Notice the last three examples: which matrix is on the left-hand side vs. right-hand side CAN have an effect on whether you can multiply! And flipping the rows/columns can make a previously impossible multiplication possible.

Identity Multiplication

The Identity matrix is special because it acts like the number 1 in normal multiplication: multiplying by the identity matrix has no effect!

| 5 2 |   | 1 0 |   | 5 2 |
| 4 9 | * | 0 1 | = | 4 9 |

Transposing

Transposing a matrix simply involves converting all rows to columns or columns to rows. Every matrix has a transpose. If you transpose a transpose, you get…the original matrix back!

For example, these two matrices are transposes of one another:

| 1 2 3 |  | 1 4 7 |
| 4 5 6 |  | 2 5 8 |
| 7 8 9 |  | 3 6 9 |

Vector Multiplication

The ability to multiply a vector by a matrix ends up being one of the most vital tools in our toolbox because it allows us to “transform” a vector (i.e. scale, rotate, or translate it).

When multiplying a vector by a matrix, we “pretend” that the vector is a matrix. For example, a 4D vector can be treated as either a 1x4 or a 4x1 matrix. These are referred to as row vectors and column vectors respectively.

After representing the vector as a matrix, we can then multiply the two using normal matrix multiplication. The output is a matrix, but we can interpret it as a vector.
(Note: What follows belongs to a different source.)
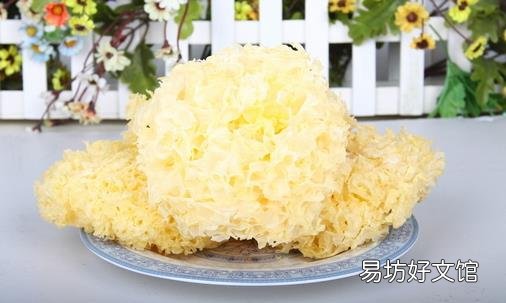女人如何美白 银耳美白的方法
For example, consider the 4D vector (3, 5, 8, 1). We can multiply it by a matrix in two possible ways.

Using a row vector:

              | 1 0 0 0 |
              | 0 1 0 0 |
| 3 5 7 1 | * | 0 0 1 0 | = | 5 7 9 1 |
              | 2 2 2 1 |

Using a column vector:

| 1 0 0 2 |   | 3 |
| 0 1 0 2 |   | 5 |
| 0 0 1 2 | * | 7 | = | 5 7 9 1 |
| 0 0 0 1 |   | 1 |

A couple interesting things to note about these operations:

  • Due to matrix multiplication size restrictions, the vector must be on the left side when using a row vector and it must be on the right side when using a column vector.
  • If the matrix is transposed when switching from row to column vector (or vice-versa), the result is exactly the same.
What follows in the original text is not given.